What pretraining formats encode latent reasoning strategies that RLVR can surface?

This explores what's actually sitting in pretraining data that RLVR can later 'switch on' — and the corpus reframes the question, since it suggests RLVR surfaces *formats and strategies* already present rather than encoding new ones.

This explores what's actually sitting in pretraining data that RLVR can later 'switch on.' The honest answer the corpus keeps circling back to: RLVR doesn't teach reasoning, it *selects* it. The reasoning strategies are already latent in the base model's activations, and post-training's job is elicitation, not acquisition Do base models already contain hidden reasoning ability?. So the real question becomes — which pretraining formats are sitting there waiting to be amplified, and what determines which one wins?

The sharpest finding here is that RLVR converges on a *single dominant format* from pretraining within the first epoch, while actively suppressing the alternatives Does RL training collapse format diversity in pretrained models?. Pretraining seeds multiple competing reasoning-format distributions; RL picks one and collapses the rest. Strikingly, the winner is chosen by model scale rather than by which format performs best — meaning the format RLVR surfaces isn't necessarily the strongest one, just the most prevalent at that scale. And because this dynamic is hidden when you start from proprietary pretrained models, most people never see which format their pretraining actually encoded.

What makes a format *surfaceable* in the first place? It has to already produce viable trajectories.
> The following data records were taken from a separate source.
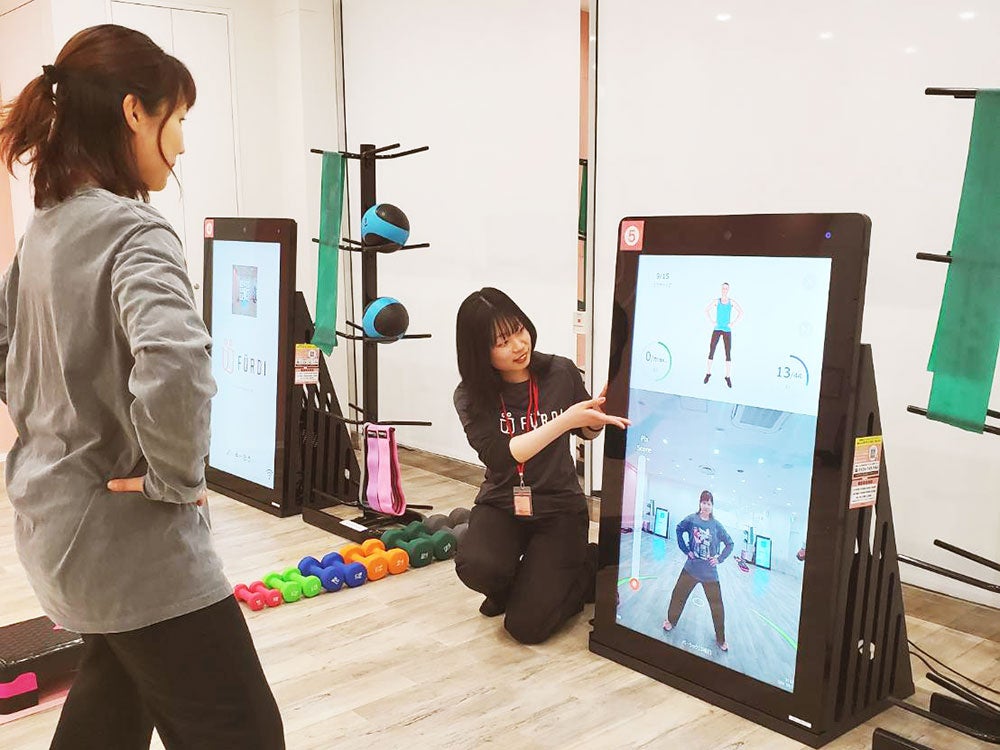 マシンのモニター画面上部に映るAIトレーナーの動きにあわせて動くヴァーチャルのパーソナルトレーニング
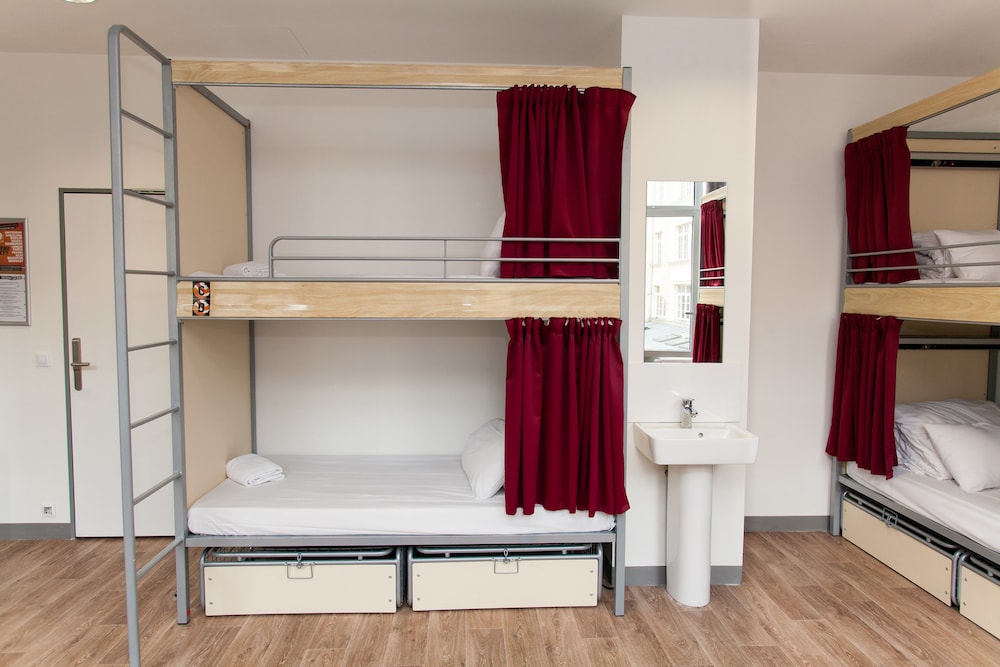 One Bed in a Six Bed Mixed Dorm With Shared Bathroom photo 1
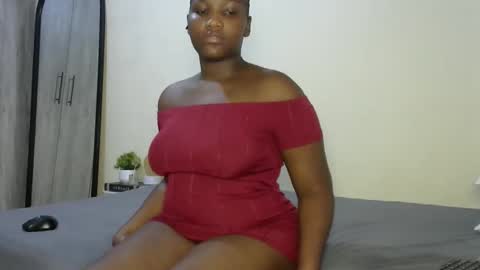 Snapshot of sucker_queen chatting on 10-13-25, 09:42 Beverly online show from 10-13-25, 09:42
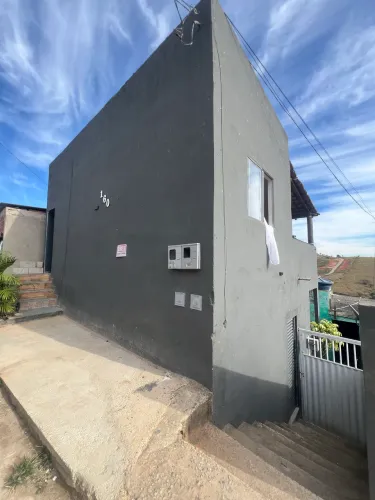 Casa de dois pavimentos em iapu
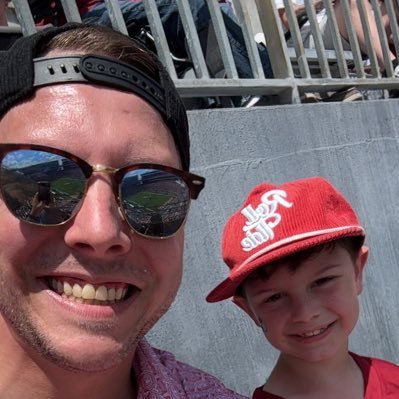 Boy Dad - Army vet - #YEET - #EveryoneN - #RollTide - #ThunderUp - #Preds - #ChopOn - Co-Host of @OffTheTopMic Podcast.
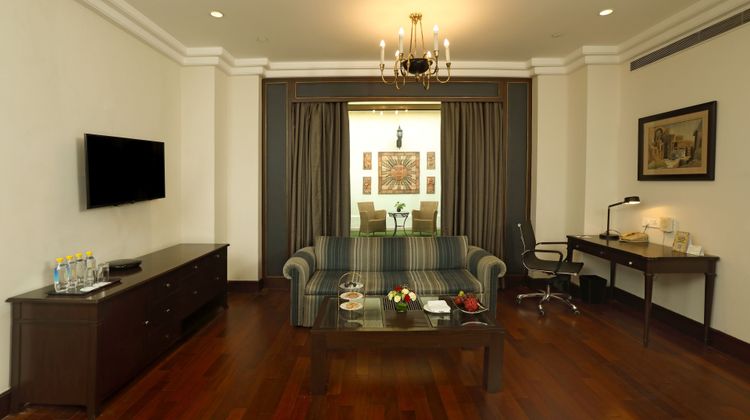Eros Hotel New Delhi by IHG Suite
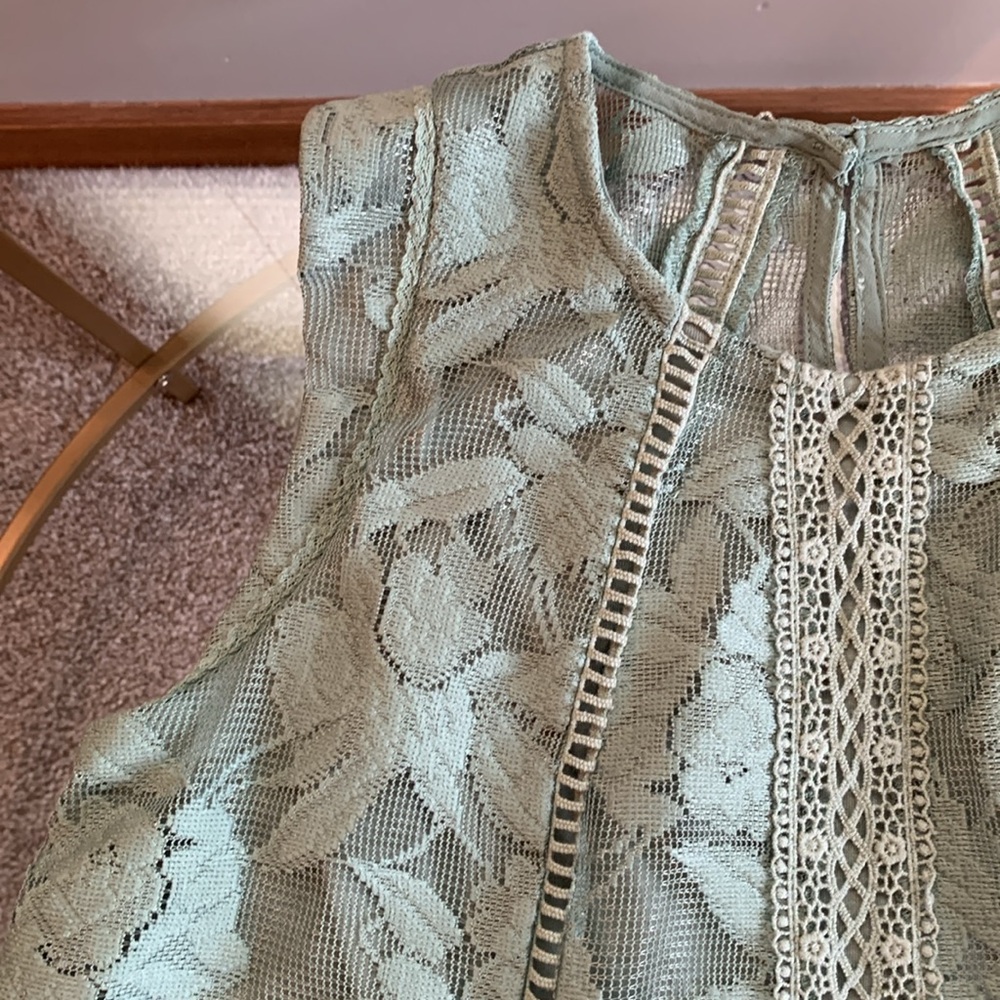 Xhilaration Sleeveless Lace Top - Picture 11 of 16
RLVR improves sampling efficiency within existing capability boundaries — it narrows sampling toward solutions the base model could already reach, but base models still beat RLVR models at high pass@k, which is the tell that no new territory got added Does RLVR actually expand what models can reason about?. A single training example, or even spurious rewards, can trigger activation, precisely because the reward isn't supplying the strategy — pretraining already did What does reward learning actually do to model reasoning?. The cleaner framing: RL post-training teaches a model *when* to reason, not *how*; reasoning activation vectors pre-exist before any RL touches the weights Does RL post-training create reasoning or just deploy it?.

Here's the thing you didn't know you wanted to know: 'surfacing latent reasoning' and 'scoring better on benchmarks' are separable phenomena. RLVR can genuinely activate pretrained reasoning patterns *and* the benchmark gains can simultaneously be memorization from contaminated data — both true at once, measured at different levels Can genuine reasoning activation coexist with contaminated benchmarks?. On contaminated math sets, models reconstruct half the test from partial prompts and the 'reasoning' improvement is mostly retrieval; on clean benchmarks only correct rewards help, and random or inverted rewards degrade Does RLVR success on math benchmarks reflect genuine reasoning improvement?. So a format can look like it encodes reasoning when it really encodes the answer key.
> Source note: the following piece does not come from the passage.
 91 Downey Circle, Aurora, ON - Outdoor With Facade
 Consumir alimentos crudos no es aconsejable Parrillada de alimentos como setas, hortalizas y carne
The practical corollary: if pretraining didn't seed a usable format, RLVR has nothing to surface — and forcing it backfires. Training on problems that are too hard makes the model invent degenerate shortcuts (answer repetition, computation-skipping) that contaminate the genuine capabilities it did have Do overly hard RLVR samples actually harm model capabilities?. That's why a curriculum that *creates* the format first works better: run imitation-style supervised RL to lay down reasonable rollouts, then let RLVR sharpen them — outperforming either alone, because the imitation phase makes the verifiable reward informative in the first place Does sequencing imitation then exploration training improve reasoning?. And if you'd rather not train at all, modular cognitive tools can elicit the same latent reasoning through structured isolation, lifting GPT-4.1 on AIME from 26.7% to 43.3% with no RL — more evidence the capability was always there, just waiting for the right surfacing mechanism Can modular cognitive tools unlock reasoning without training?.

Sources 10 notes

Do base models already contain hidden reasoning ability?

Five independent mechanisms—RL steering, critique fine-tuning, decoding changes, SAE feature steering, and RLVR—all elicit reasoning already present in base model activations. Post-training selects rather than creates reasoning; the bottleneck is elicitation, not capability acquisition.

Does RL training collapse format diversity in pretrained models?

Controlled experiments show RL consistently amplifies one format distribution from pretraining within the first epoch while collapsing alternatives. The winning format depends on model scale, not necessarily performance, and is largely hidden when starting from proprietary pretrained models.

Does RLVR actually expand what models can reason about?

Pass@k analysis shows base models outperform RLVR models at high k, indicating RLVR doesn't expand solvable problems but rather narrows sampling toward solutions already in the base model's distribution. Distillation, by contrast, genuinely transfers new reasoning patterns.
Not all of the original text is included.